ASCII by Jason Scott

Jason Scott's Weblog

Paper and Geocities Update —

I’ll just combine these two while I’m here, since they’re just updates on ongoing projects.

PAPER

I have a lot of magazines. Did I mention that? A lot. A whole lot. Being made to split them out and get them into special bins instead of scattered among my belongings like sesame seeds means I’m starting to see the size of the pile. Right now, if I had to guess, I would say I have between 3500 and 5000 magazines in the house. Bagged. In bins. As I’m going through them, I’m kind of amazed at the variety – I tend to keep everything. And not everything is magazines, either.

Therefore, I’ve split off the catalogs and “ephemera” – stuff I thought would be good to save before it disappeaed complete. These will be cataloged at a later date. And when I say ephemera, I really do mean all sorts of randomness: convention programs, tickets, posters, how-to booklets, handouts, you name it. Some has meaning, some doesn’t, but all made me think they needed a chance to arise up a few years down the line.

So now the paper.textfiles.com site has a few more improvements: additional stuff catalogued (600 issues), descriptions of some properties put in (temporary, not researched), and I fixed a columnation issue that made it split “Summer 2006″ into two issues. 

GEOCITIES

Archive Team is still downloading Geocities; no surprise there. Right now the canonical collection is about 530gb, and covers, basically, a metric ton of stuff. I don’t have hard stats at the moment; it takes way too long.
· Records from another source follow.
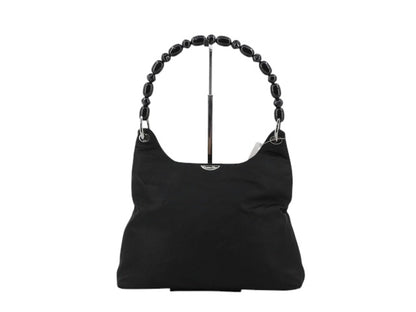 Christian Dior Maris Pearl Nylon Shoulder Bag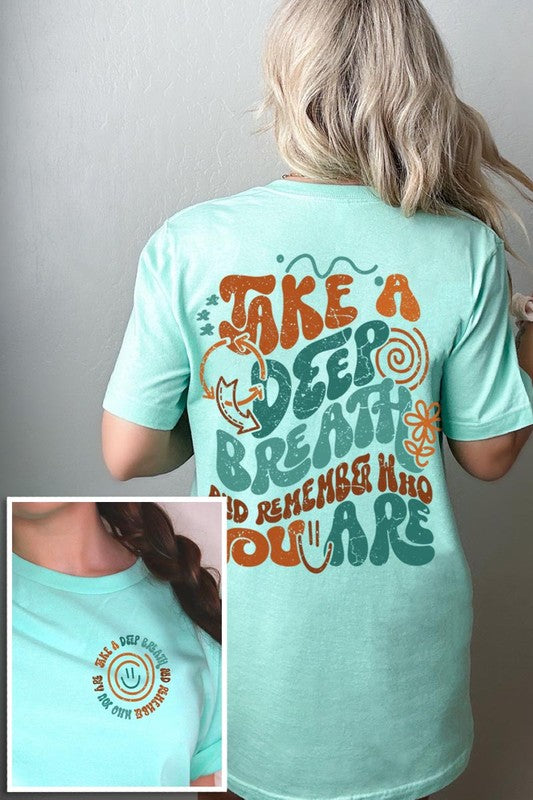 Positive Quote Front Back Graphic T Shirts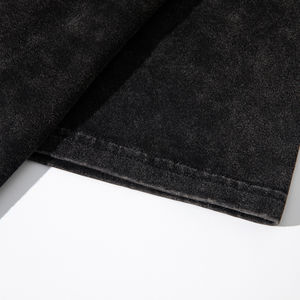 Anti arrugas 100% algodón nuevo Color personalizado alta calidad hombres venta al por mayor transpirable Vintage Logo gota hombro ácido lavado camisa - Product Image 5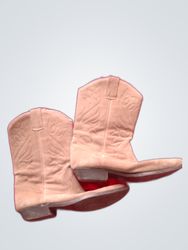 Unbranded Tan Suede Cowboy Boots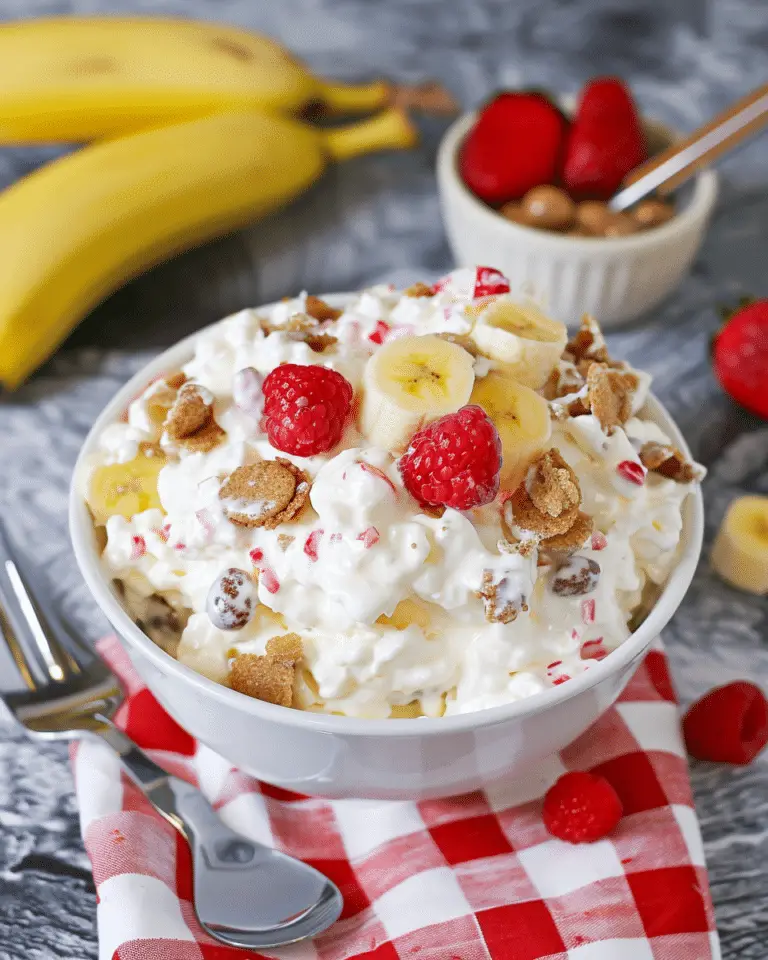Banana Split Fluff Salad
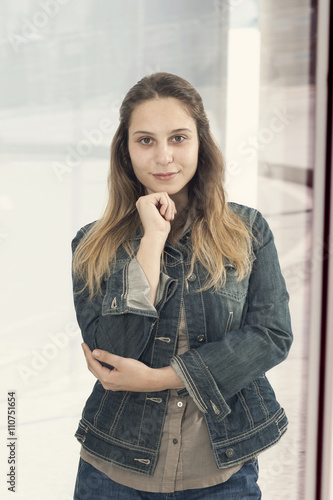 Portrait of young girl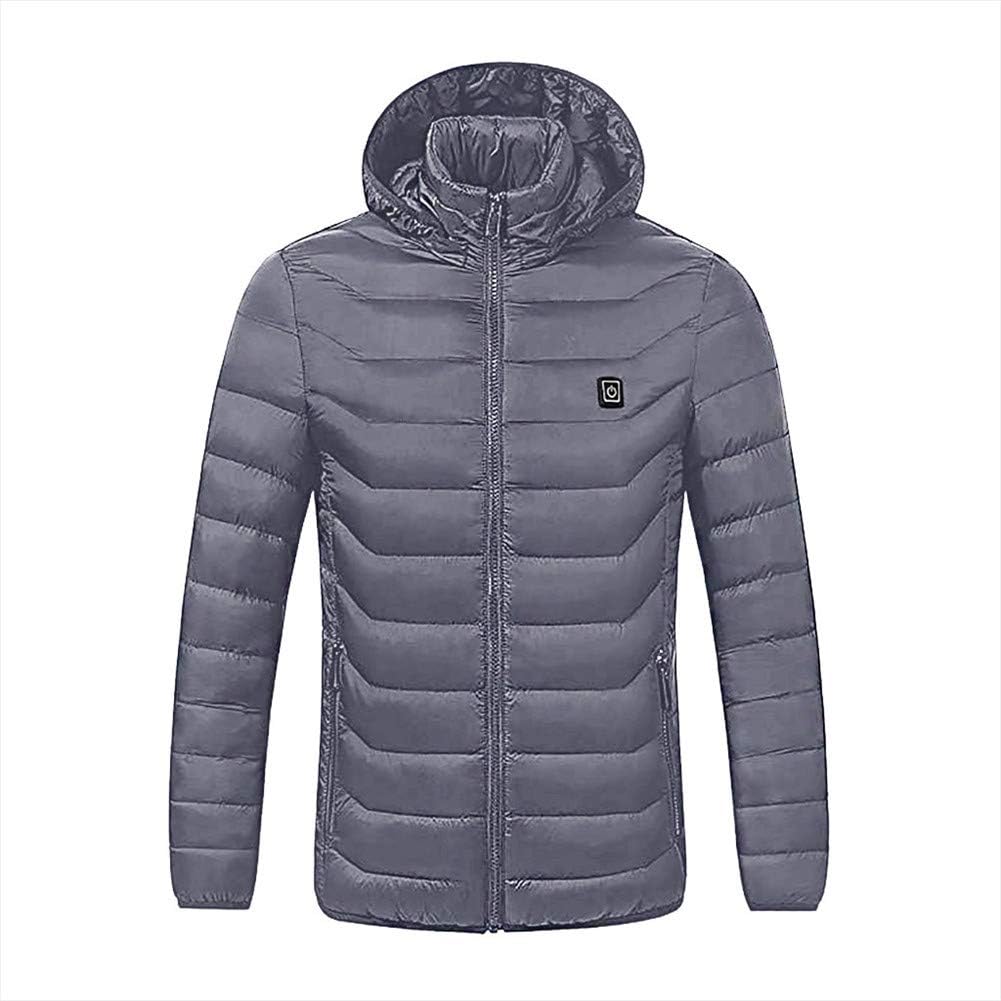Vedolay Unisex Heated Coat for Plus Size, Women's Men Heated Jacket with Battery Winter Heated Coat with Adjustable Hood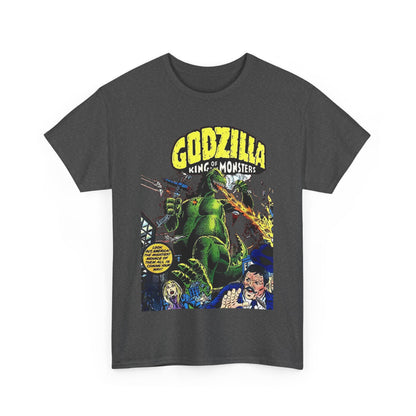 Godzilla T-Shirt - King of the Monsters - 1970s Comic Series - Marvel Comics - Bronze Age Monster Comic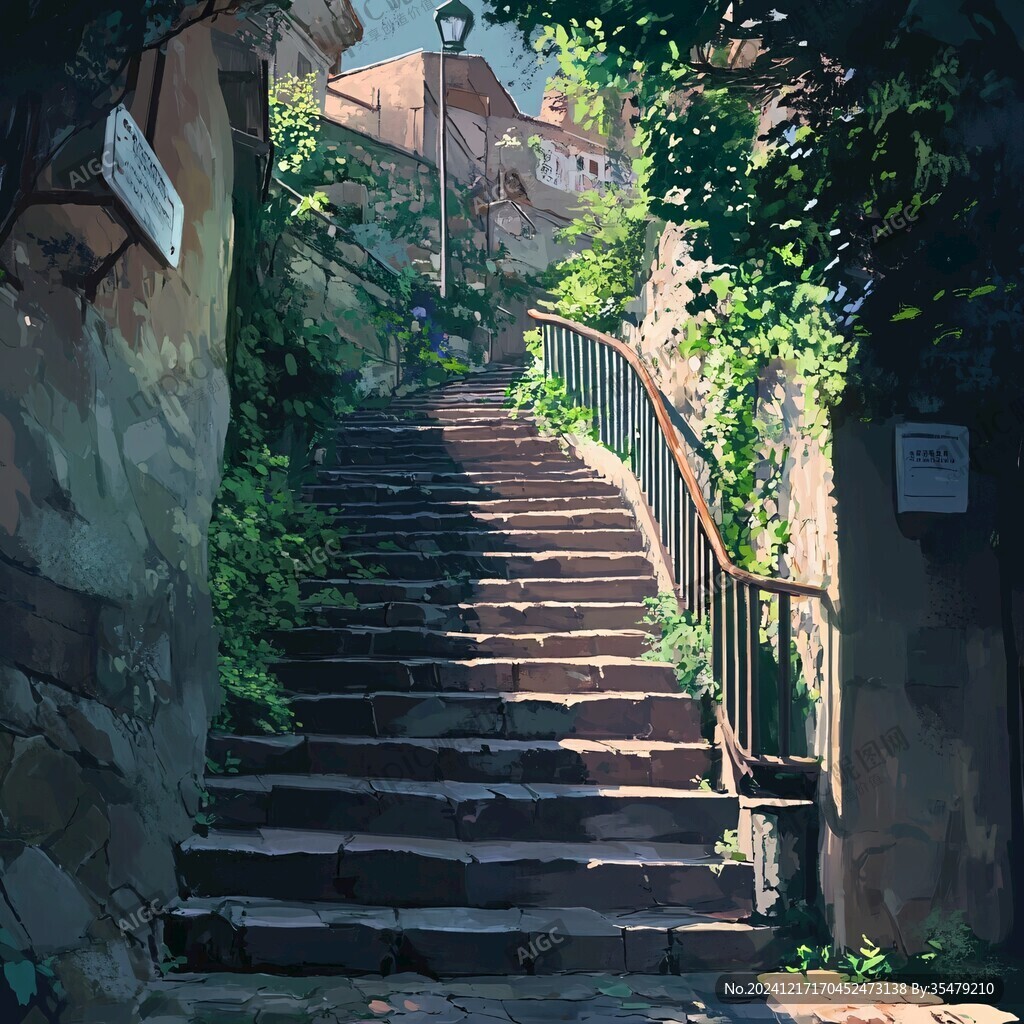 楼梯动漫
There are now several branches working on this. One branch is using the archive.org crawler. Some of us are direct downloading things. I have crazy scripts doing crazy things. We’re setting up a service where you can see if we have a copy of a given URL in the archive. And so it goes.

I intend to have us keep downloading until we either run out of things to download or Geocities is shut down. And believe me, once you start responding mentally to the URL “geocities.com” in reading stuff online, you realize how many things were using Geocities as the central information repository, for better or worse. Dude, shit is going to break when Geocities shuts down. Just to warn you.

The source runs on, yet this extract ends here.